Since no student of hockey contests the basic fundamentals which Coach Gill puts forward as his coaching aim, and since no follower of the Dartmouth hockey teams over a period of four years has any opinion other than that Coach Gill's hockey system has been sound, it would seem that the Indian stickmen of this season have been in the wrong if they have attempted to be critical of Coach Gill's hockey system. Likewise I would say any Dartmouth team has acted disgracefully that has broken the unwritten law of Dartmouth athletes, 'hat to represent the college on the sports field in any condition other than perfect physical shape resulting from complete regard for training rules is an unpardonable action. (We draw no conclusions as to whether the players have been critical of Gill's coaching of hockey or whether training rules have been broken by one, or any, of the players.)
We believe the present situation that led to the resignation of Coach Gill hinges around the complaint of the players that Gill has been a driving type of mentor. First, there has been no truth whatever in a metropolitan newspaper account that Gill once locked a player in his room as a disciplinary measure. This and another account that Gill once suspended one of his team members for eating an ice cream cone are preposterous fabrications.

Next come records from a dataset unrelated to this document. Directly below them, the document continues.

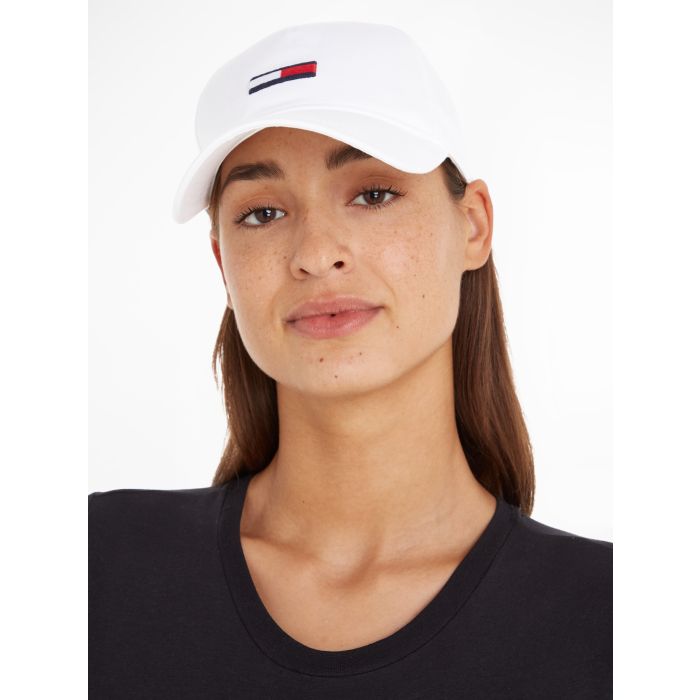 tommy-hilfiger-lippis-tjm-flag-cap-valkoinen-3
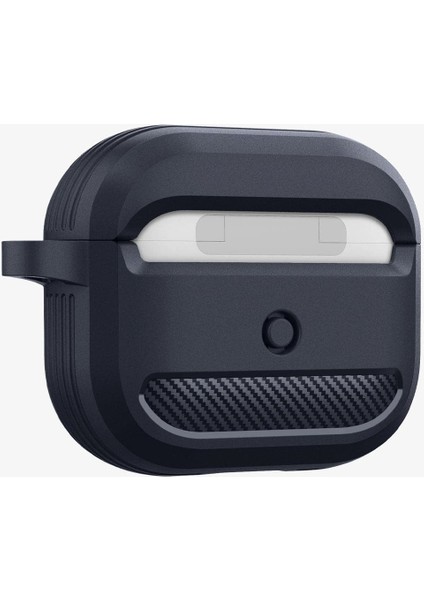 AirPods (3. nesil) Kılıf Rugged Armor Charcoal Gray - ASD01980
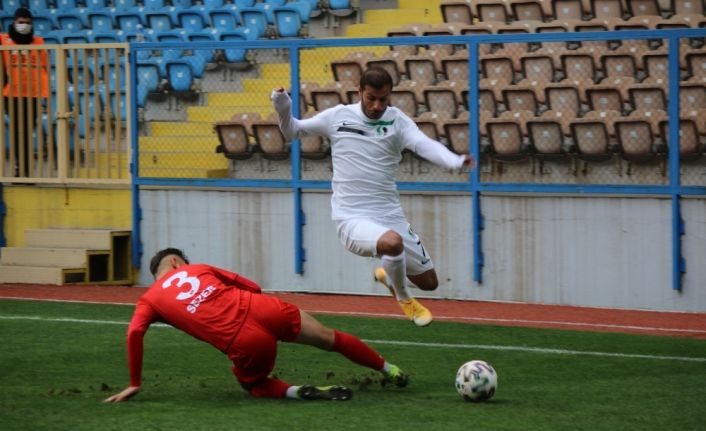 2. Lig: Kardemir Karabükspor: 0 - Sakaryaspor: 4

It is nevertheless true that Gill has always been noted for his constant use of antagonism for getting the most out of his players. In his first year at Dartmouth the material was older and more experienced and apparently thrived under the method, for the Indians walked away with the Quadrangular League championship. However, each succeeding squad has shown decided tendencies toward resentment of these "driving" coaching tactics until this year the squad reached a definite stage of open discontent.

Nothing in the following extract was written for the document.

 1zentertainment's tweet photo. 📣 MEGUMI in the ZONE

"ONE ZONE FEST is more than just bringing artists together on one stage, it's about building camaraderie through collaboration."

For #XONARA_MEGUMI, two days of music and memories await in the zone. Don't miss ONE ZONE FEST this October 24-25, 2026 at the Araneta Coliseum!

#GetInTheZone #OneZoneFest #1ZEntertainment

It may be concluded that Dartmouth each year has had younger and less experienced hockey material and hence less able to understand the goal toward which Coach Gill was aiming. Certainly one can conclude that the days when the Big Green's famous Coach Cavanaugh rabble- roused his tough, experience-hardened football gridsters with success is a thing of the past. Baseball's unforgettable John McGraw was another who employed these tactics with great results, but it took men to stand the pace. Thus I think it should be said in all fairness, that if the members of the hockey squad have misunderstood Coach Gill's handling of them, it can be laid to the fact that the present undergraduate in this, or any other college, does not understand the "old-school" of coaching, perhaps to the happiness of all concerned.
In any event, the discussion of the difficulties under which both parties concerned were trying to mold a winning Indian sextet had an immediate effect on the team's competitive spirit and the Big Green six played inspired hockey in losing to Queens, 2-1, and defeating Yale, 4-1, on February 11 and 13.
Previously Harvard's strong sextet had administered a 14-4 drubbing, one of the worst setbacks a Big Green hockey team had taken in several years. True, Toronto defeated Dartmouth by a wide margin earlier in this season and Harvard a year ago walloped Dartmouth by even a larger margin in the play-offs of the 1935-36 Dartmouth-Harvard series. But neither of these games was played under the ideal conditions of a Carnival crowd, good ice, and big stakes.